In the meantime, there is a window of opportunity to take advantage of the FHL rules. For example, HMRC will accept claims for relief or requests for FHL treatment on EEA properties within the normal time limits for amending self assessment return.

However, certain claims such as rollover relief and holdover relief are subject to a longer claim period (i.e. 5 years from 31 January following the tax year in question for individuals, or within 6 years from the end of the accounting period for companies). In addition, HMRC will accept such claims as CGT taper relief, relief for pension contributions and substantial shareholdings exemption within this longer timeframe.

Furthermore, HMRC will accept late amendments to self assessment returns for 2007 (individuals) and corporation tax returns for accounting periods ending after 31 December 2006, in respect of FHLs elsewhere within the EEA.

Grab those reliefs!

No capital allowances are available for expenditure incurred on plant and machinery used in a dwelling house.

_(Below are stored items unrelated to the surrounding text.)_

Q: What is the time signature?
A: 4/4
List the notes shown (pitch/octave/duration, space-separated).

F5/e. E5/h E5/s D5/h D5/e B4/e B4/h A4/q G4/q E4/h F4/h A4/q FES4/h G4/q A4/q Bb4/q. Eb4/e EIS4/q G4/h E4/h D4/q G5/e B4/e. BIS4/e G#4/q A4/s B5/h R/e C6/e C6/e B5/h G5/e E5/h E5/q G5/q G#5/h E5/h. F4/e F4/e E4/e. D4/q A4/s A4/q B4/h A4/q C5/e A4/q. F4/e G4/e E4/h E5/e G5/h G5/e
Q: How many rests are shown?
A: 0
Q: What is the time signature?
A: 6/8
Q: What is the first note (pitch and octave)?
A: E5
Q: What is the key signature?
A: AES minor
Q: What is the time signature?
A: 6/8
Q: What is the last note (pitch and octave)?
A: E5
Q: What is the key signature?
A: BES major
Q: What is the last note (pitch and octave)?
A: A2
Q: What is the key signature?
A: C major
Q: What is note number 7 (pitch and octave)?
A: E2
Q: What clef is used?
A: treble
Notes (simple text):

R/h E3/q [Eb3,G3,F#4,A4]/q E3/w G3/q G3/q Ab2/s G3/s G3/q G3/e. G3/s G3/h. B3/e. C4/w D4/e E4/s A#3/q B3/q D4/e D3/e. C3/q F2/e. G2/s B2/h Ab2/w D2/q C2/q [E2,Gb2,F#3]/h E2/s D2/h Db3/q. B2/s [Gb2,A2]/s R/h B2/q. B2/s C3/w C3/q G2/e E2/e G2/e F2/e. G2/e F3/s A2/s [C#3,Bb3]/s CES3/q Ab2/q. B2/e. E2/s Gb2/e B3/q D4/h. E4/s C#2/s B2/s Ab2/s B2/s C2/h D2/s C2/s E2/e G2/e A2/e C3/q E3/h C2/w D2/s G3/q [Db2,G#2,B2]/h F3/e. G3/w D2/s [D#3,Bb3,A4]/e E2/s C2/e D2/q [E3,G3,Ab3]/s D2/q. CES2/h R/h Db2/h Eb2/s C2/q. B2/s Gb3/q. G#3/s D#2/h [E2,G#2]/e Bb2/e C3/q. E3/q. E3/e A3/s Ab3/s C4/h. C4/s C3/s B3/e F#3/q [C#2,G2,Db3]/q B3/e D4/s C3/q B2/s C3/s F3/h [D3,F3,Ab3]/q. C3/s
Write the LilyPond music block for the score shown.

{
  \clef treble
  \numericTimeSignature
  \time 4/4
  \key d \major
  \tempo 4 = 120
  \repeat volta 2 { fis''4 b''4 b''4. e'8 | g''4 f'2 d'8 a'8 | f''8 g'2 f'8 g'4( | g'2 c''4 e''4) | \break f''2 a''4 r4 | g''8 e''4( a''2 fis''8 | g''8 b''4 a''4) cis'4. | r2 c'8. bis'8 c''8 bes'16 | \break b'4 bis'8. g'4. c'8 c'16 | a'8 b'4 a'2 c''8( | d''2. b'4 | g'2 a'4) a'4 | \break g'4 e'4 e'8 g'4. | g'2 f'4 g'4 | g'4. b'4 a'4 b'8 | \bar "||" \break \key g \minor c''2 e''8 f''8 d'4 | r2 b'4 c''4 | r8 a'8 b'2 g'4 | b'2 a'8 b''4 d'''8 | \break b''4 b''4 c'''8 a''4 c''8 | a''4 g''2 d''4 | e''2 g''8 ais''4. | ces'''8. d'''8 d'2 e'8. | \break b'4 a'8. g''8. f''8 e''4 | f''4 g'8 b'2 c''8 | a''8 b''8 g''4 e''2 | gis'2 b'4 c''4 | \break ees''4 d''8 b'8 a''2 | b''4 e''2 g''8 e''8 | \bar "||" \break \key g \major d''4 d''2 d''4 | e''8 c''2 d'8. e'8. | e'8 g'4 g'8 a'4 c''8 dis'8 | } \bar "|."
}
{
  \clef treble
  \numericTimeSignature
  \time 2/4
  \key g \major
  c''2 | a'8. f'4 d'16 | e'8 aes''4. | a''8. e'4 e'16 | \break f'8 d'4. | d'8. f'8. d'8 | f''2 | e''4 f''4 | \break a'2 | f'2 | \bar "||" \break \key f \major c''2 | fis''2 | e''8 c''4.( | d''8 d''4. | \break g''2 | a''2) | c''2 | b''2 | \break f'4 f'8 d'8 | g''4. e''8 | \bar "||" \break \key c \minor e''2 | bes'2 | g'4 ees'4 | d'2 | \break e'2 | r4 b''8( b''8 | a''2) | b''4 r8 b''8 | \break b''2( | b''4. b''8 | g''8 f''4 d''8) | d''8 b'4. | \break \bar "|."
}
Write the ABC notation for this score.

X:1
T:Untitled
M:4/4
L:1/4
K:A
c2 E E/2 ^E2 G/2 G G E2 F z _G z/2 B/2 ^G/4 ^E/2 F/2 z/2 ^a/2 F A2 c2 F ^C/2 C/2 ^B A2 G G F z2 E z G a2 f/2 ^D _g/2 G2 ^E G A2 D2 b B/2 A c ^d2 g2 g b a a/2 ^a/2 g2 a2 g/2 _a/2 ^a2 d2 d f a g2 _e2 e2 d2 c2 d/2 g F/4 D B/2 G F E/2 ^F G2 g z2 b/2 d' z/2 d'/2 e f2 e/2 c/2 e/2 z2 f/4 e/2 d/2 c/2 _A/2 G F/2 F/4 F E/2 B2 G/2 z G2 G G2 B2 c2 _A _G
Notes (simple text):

However, under the FHL rules, capital allowances may be claimed on such expenditure. Claims for plant and machinery expenditure in respect of EEA FHL dwelling houses are also possible for earlier periods, within certain limits. However, claims for the 10% wear and tear allowance will not be available.

The proposed repeal of FHL tax treatment means that FHL owners who wish to claim entrepreneurs’ relief will need to sell their FHL businesses by 5 April 2010. Further details on FHL claims in respect of EEA properties are available in a technical note available via the HMRC website.